● **ABOUT THIS EXERCISE**
Quote these lines exactly: the one that holds "Sherwood Festival, Padova, Italy tour poster" and every line after it to the end of the material below. Skip pictures.

● **DATASET EXCERPT**
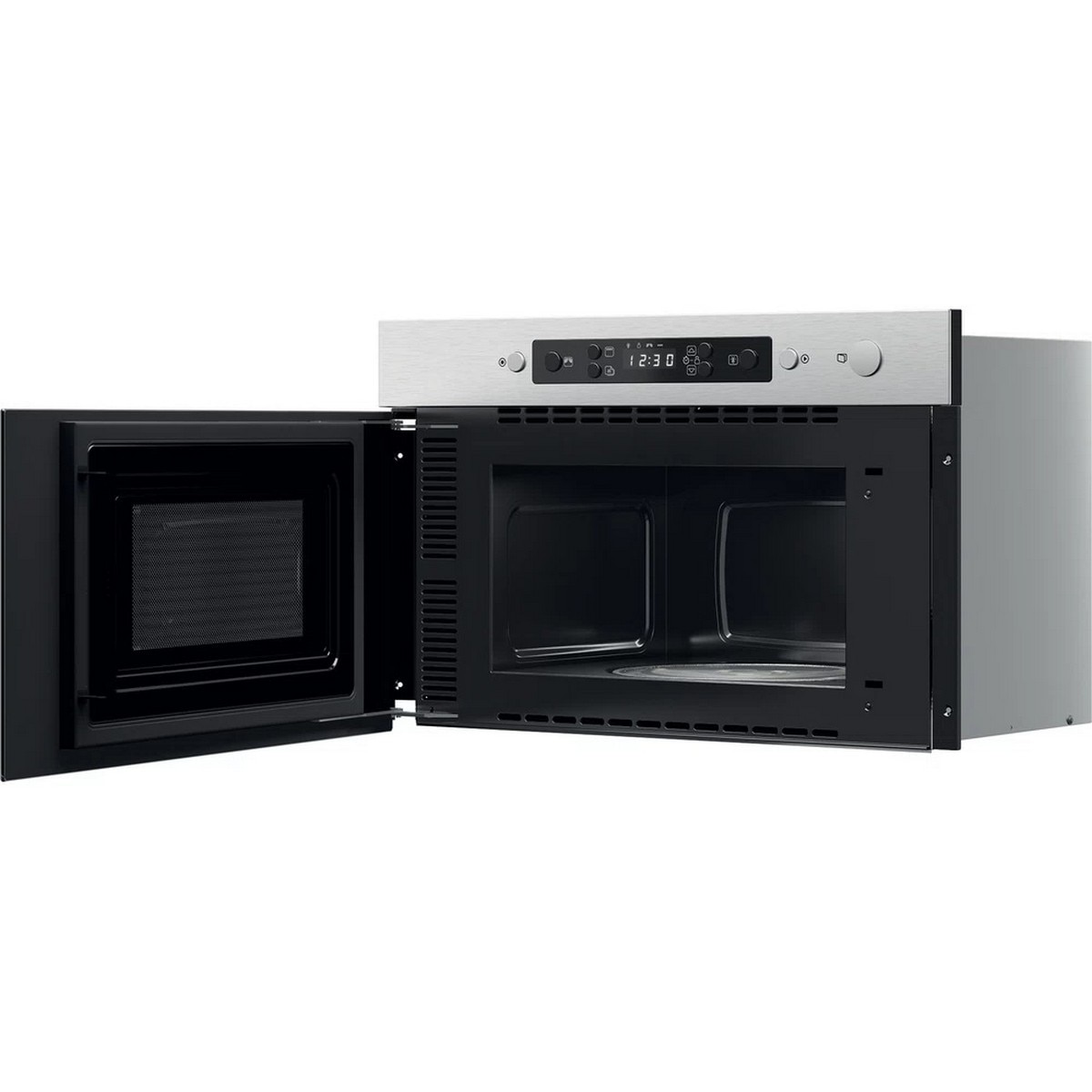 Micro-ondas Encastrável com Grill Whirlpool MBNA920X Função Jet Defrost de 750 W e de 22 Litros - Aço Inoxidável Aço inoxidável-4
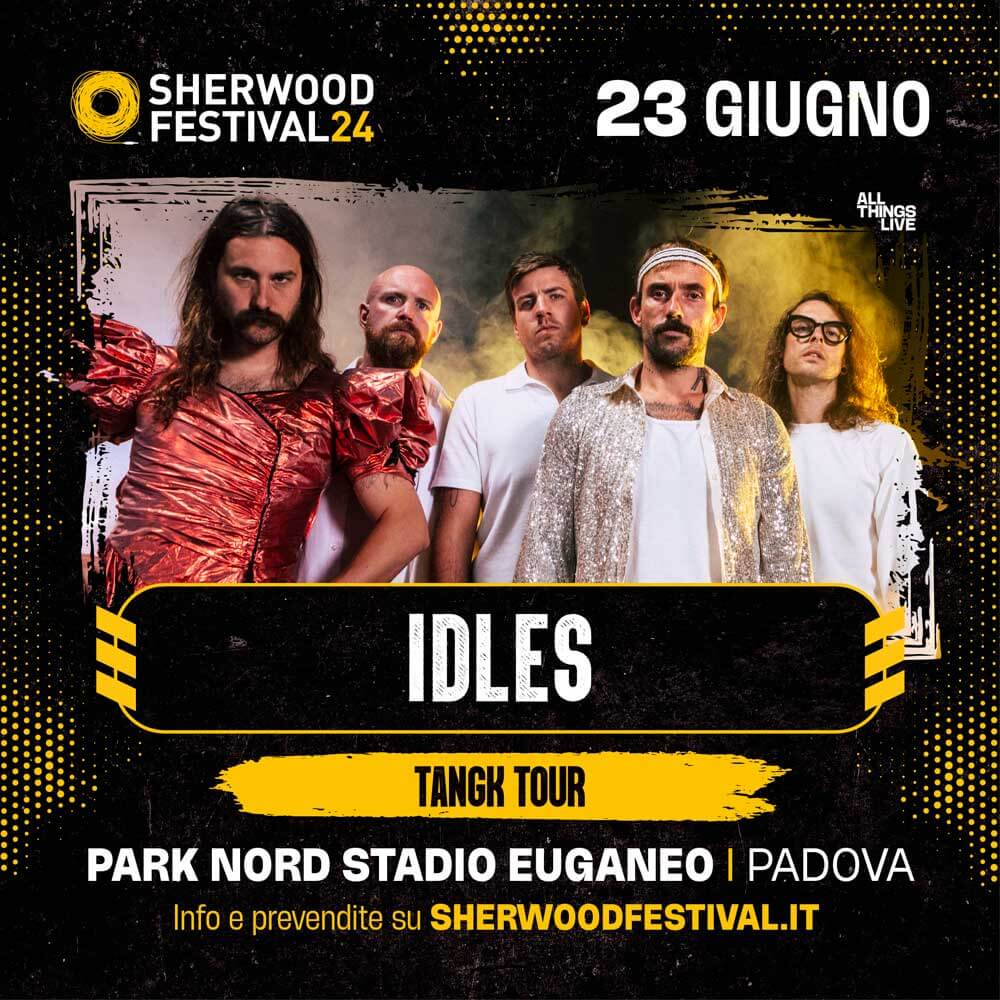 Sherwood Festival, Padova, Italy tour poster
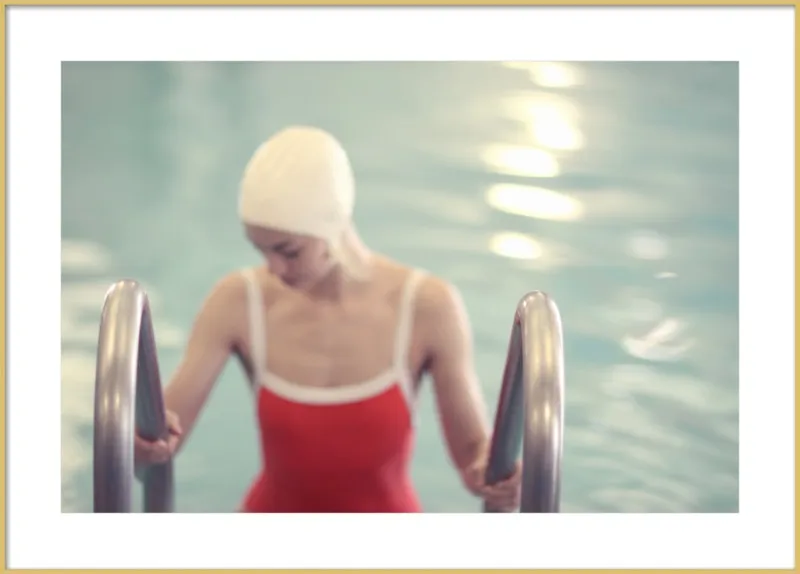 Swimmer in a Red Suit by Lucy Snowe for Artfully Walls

● **YOUR RESPONSE**
 Sherwood Festival, Padova, Italy tour poster
 Swimmer in a Red Suit by Lucy Snowe for Artfully Walls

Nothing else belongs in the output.